Still, the Kardashian case bears a striking resemblance to the Pink Panthers' signature modus operandi. Their calculated planning and efficient intelligence is the cornerstone of both their evasion and success. They're multilingual. They regenerate quickly. They opt for disguises that defy the stereotypically tailored wardrobe of an international crime ring, choosing low-key get ups like touristy Hawaiian shirts and golf gear, police uniforms and construction dickies to blend in. Their operation is both smart and swift. Once, they slathered a bench with a fresh coat of paint to deter any would-be witnesses from sitting on it. That attention to detail comes with homework before execution. 

Their audacity is as legendary as their crimes, making them something of a folkloric superpower in a geographical area hobbled by flagging industry and the aftermath of war. Dragan Ilic, a morning radio show host in Belgrade, told the Los Angeles Times, "They've become more than pure criminals, they're heroes." Even their name has a story behind it, bestowed in absentia by Scotland Yard after a blue diamond ring worth hundreds of thousands of dollars was unearthed from a jar of beauty cream, similar to a trick pulled in the original Pink Panther movie. And so they were legitimized, as most criminals are when their existence is stamped by public notoriety.

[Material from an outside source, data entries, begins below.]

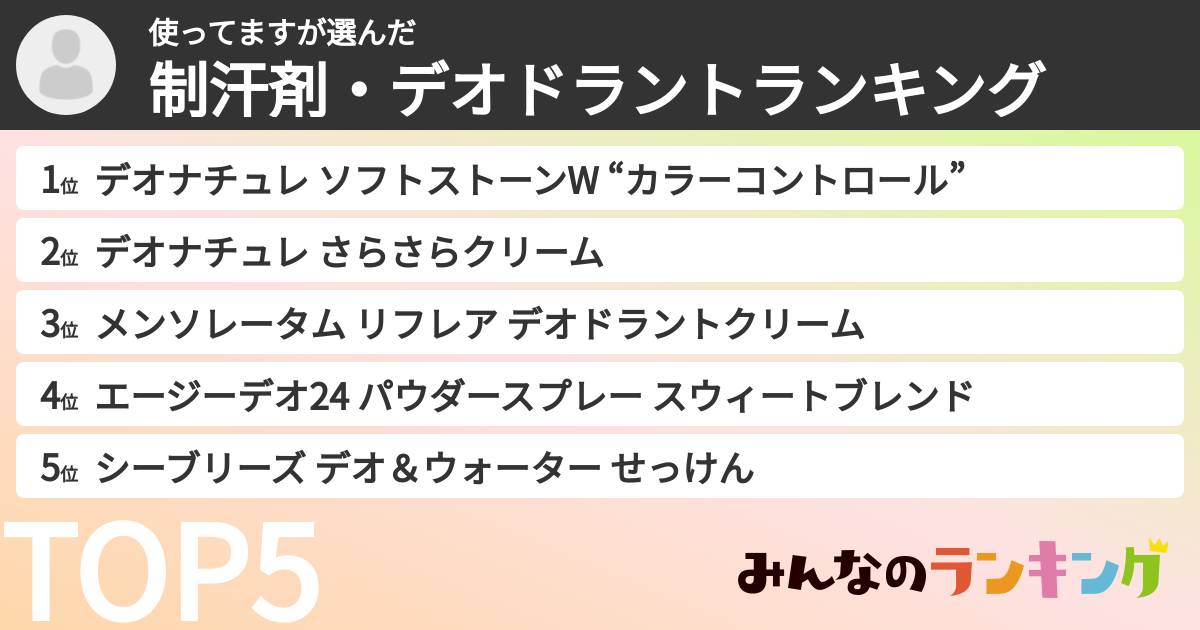 使ってますさんの「制汗剤・デオドラントランキング」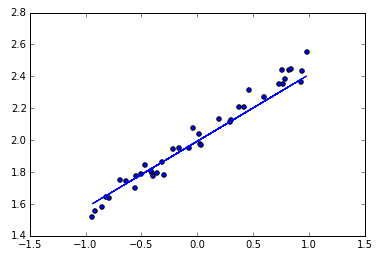 Keras Sequential 顺序模型详解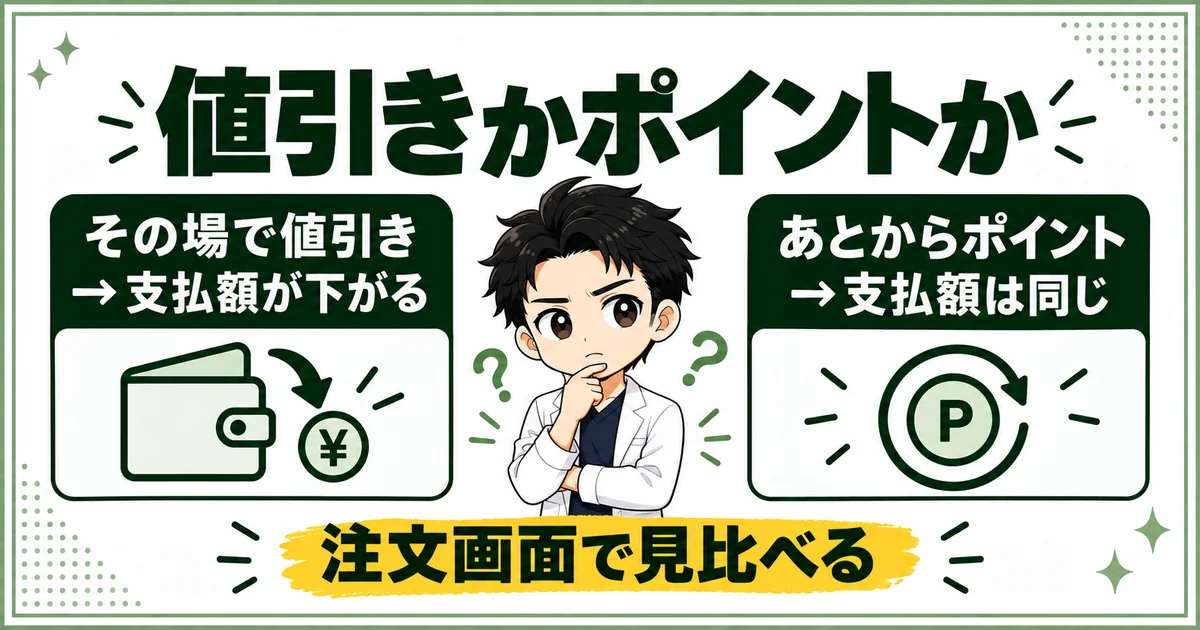 その場で値引きされる買い方とあとからポイントで戻る買い方の違いを比べる予約先の図解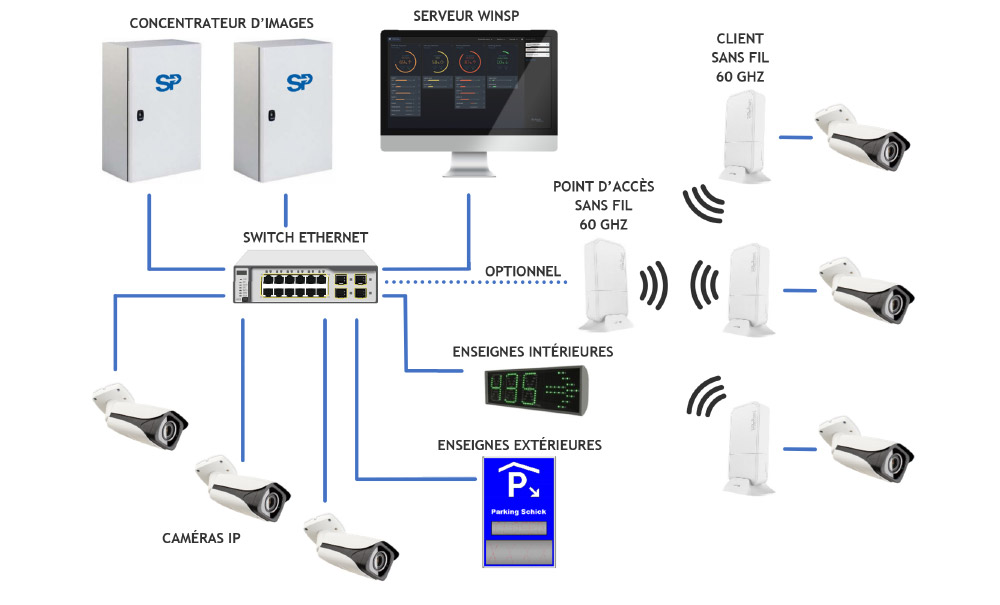 Système de guidage à la place avec détection basée sur l’intelligence artificielle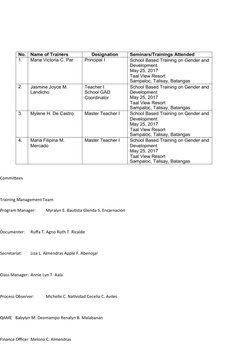 No.
Name of Trainers
Designation
Seminars/Trainings Attended
1.
Maria Victoria C. Par
Principal I
School Based Training on Ge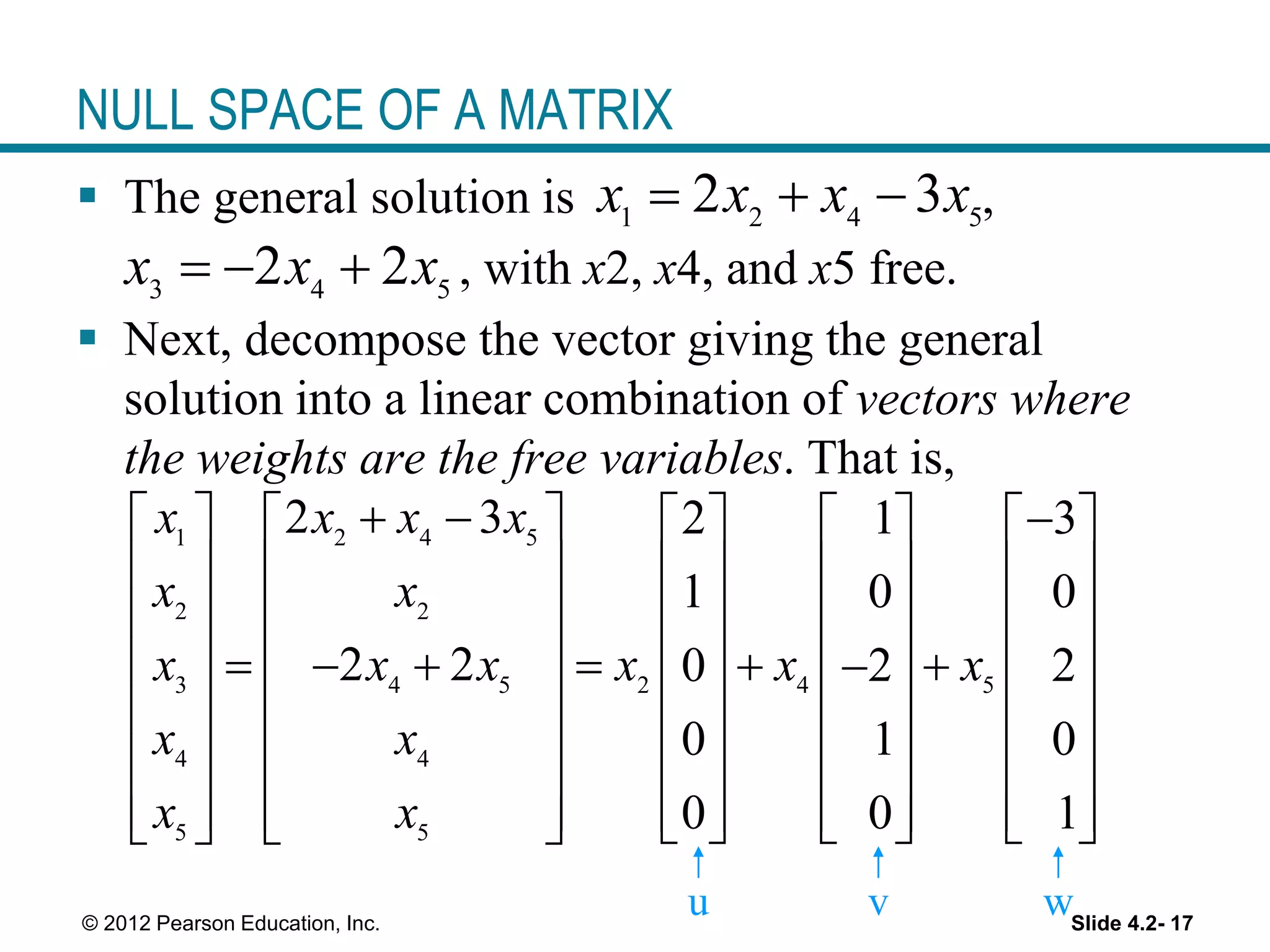 Vector space and subspace pptx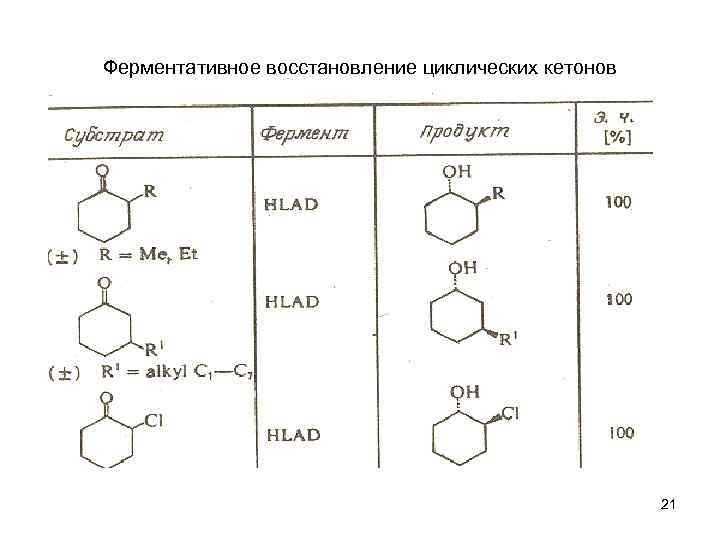 Ферментативное восстановление циклических кетонов 21 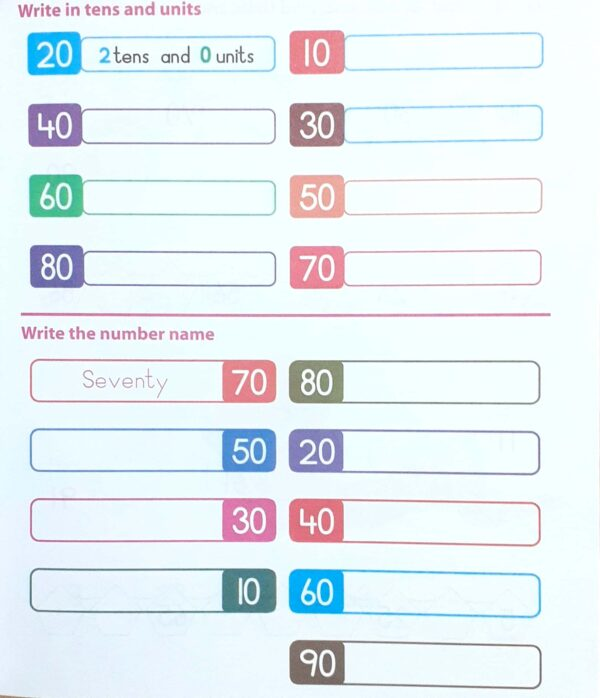 Blocks 3A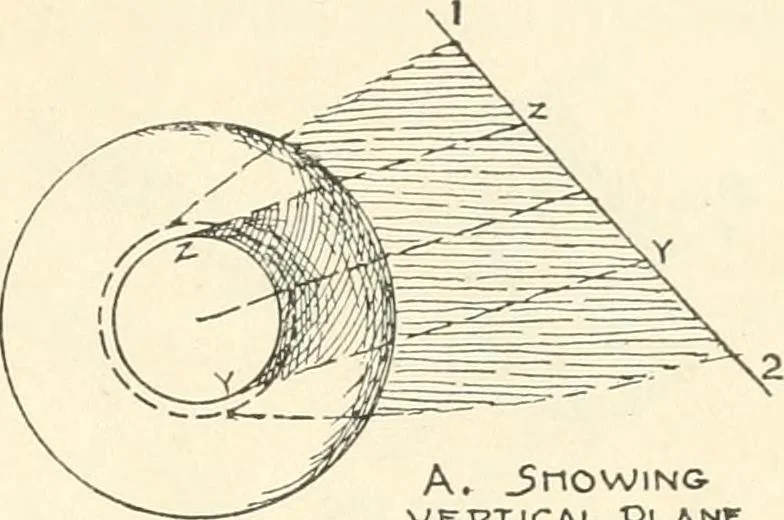 An illustration from Freehand perspective and sketching; principles and methods of expression in the pictorial representation of common objects, interiors, buildings and landscapes, 1916, leaf 168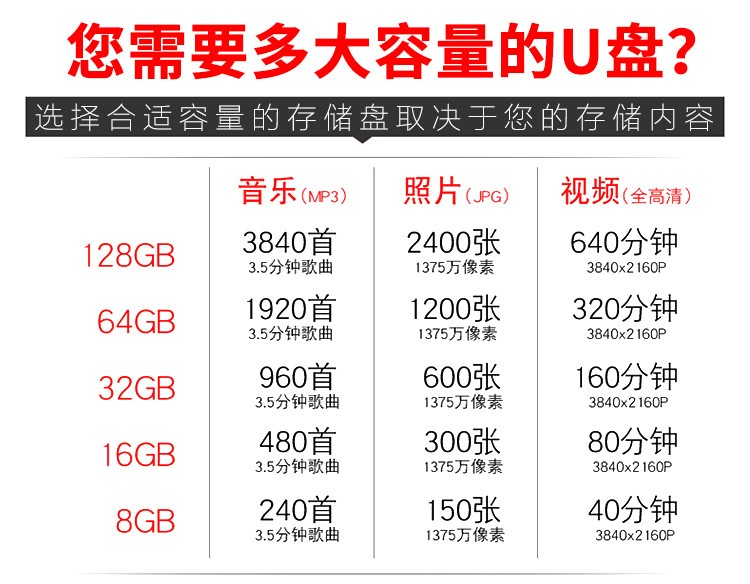 闪迪（SanDisk）CZ33 U盘  USB2.0 酷豆 黑色 车载优选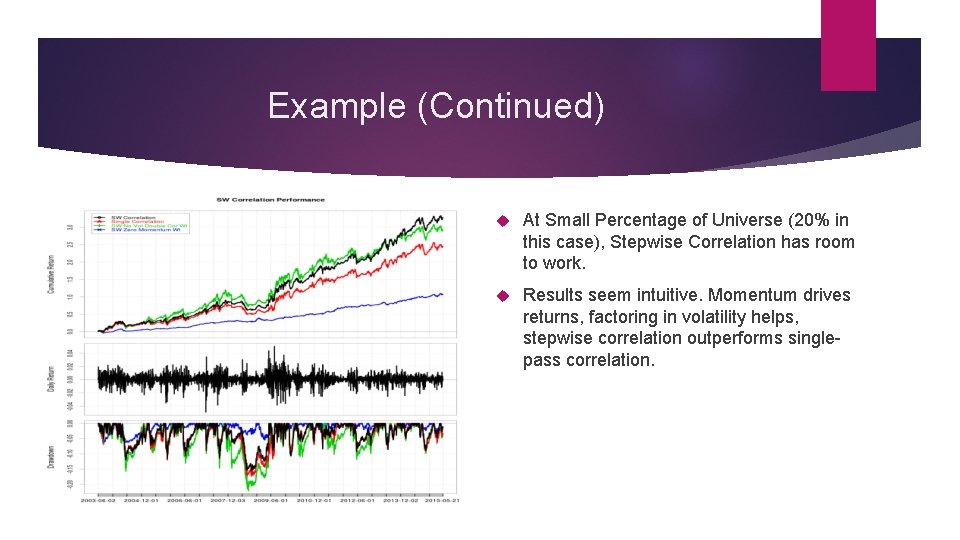 Example (Continued) At Small Percentage of Universe (20% in this case), Stepwise Correlation has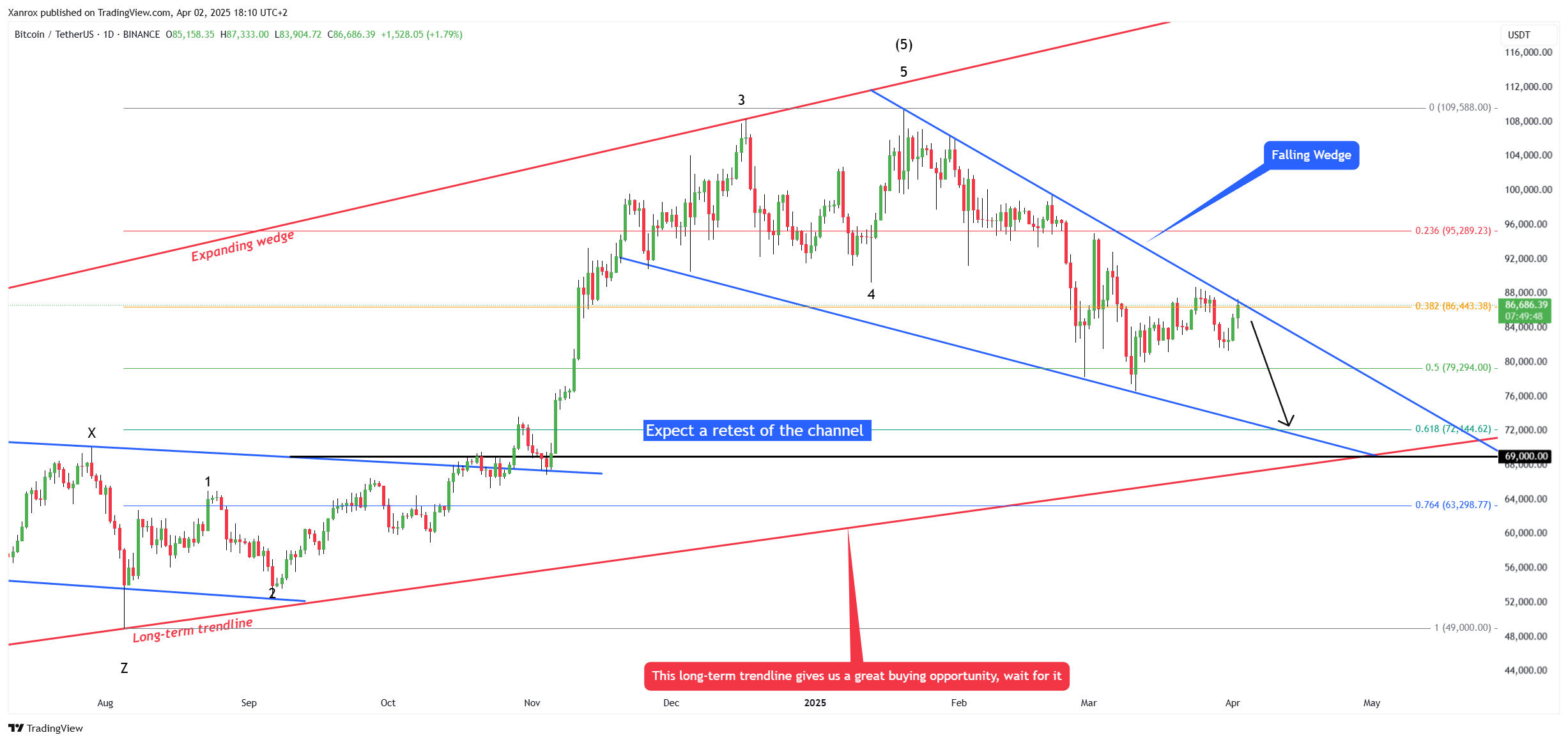 BINANCE:BTCUSDT Chart Image by Xanrox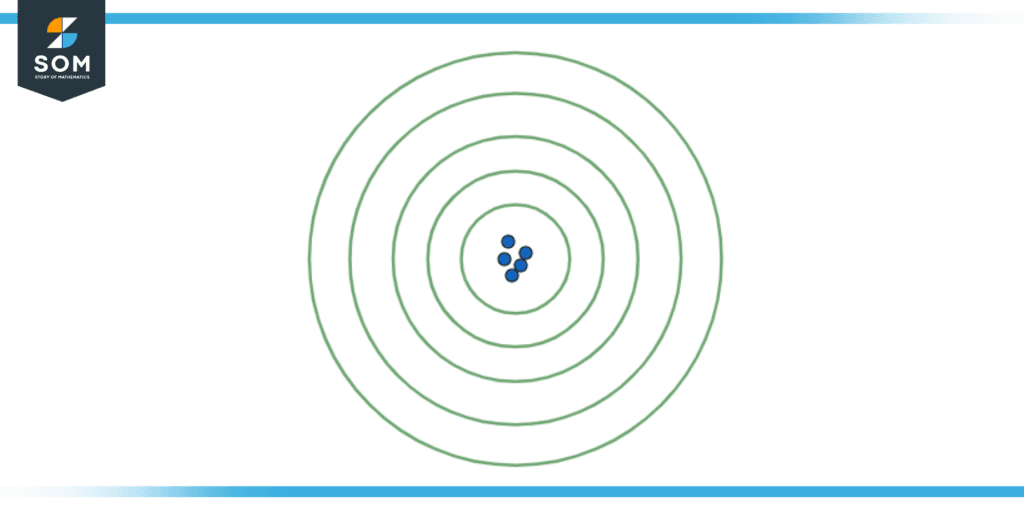 High accuracy and high precision samples on a target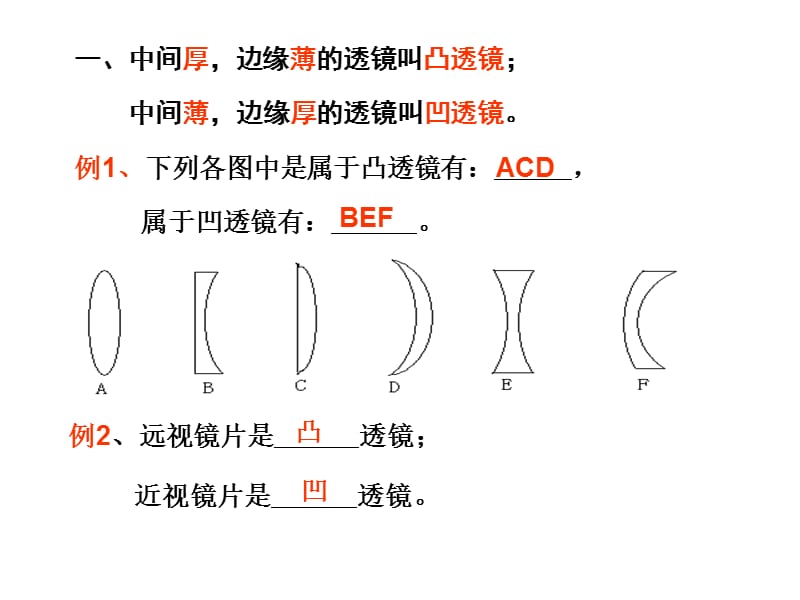 中考物理总复习课件透镜及其应用.ppt_第2页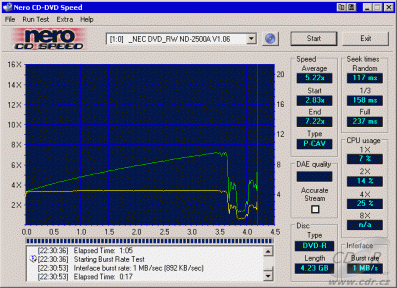 NEC ND-2500A CDspeed čtení DVD-R data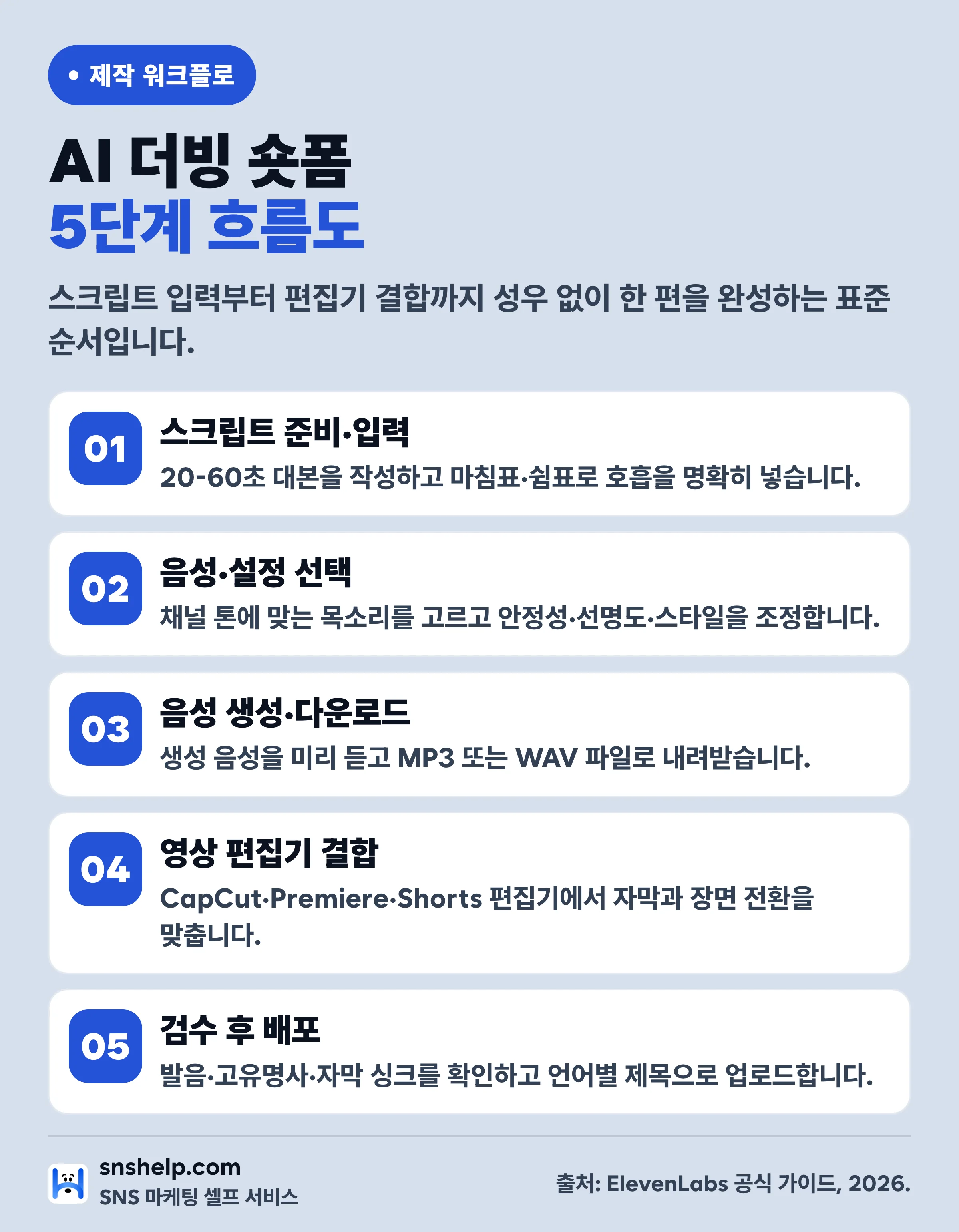AI 더빙 숏폼 제작 5단계 워크플로 — 스크립트 입력부터 검수 후 배포까지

If they did commit the Kardashian heist, they could have easily done their research by studying her digs – i.e. her apartment in Hotel Pourtalès, favored by other elites like Madonna, Prince and Leonardo Di Caprio – and combing through her social media. Her life of opulence played out, post by post, could have made their research a little easier, Paris police spokeswoman Johanna Primevert told the Associated Press on Monday. The key calling card of the Pink Panthers: typically keeping violence to a minimum to avoid attracting the additional media attention and dogged police work that coincides with brutality. Luckily for Kim, whoever pulled off the robbery – whether or not it was the Pink Panthers themselves – stuck to that formula. And even the suggestion that they're behind this very public heist adds another layer to the mystery that makes the Pink Panthers part criminal enterprise, part folkloric legend.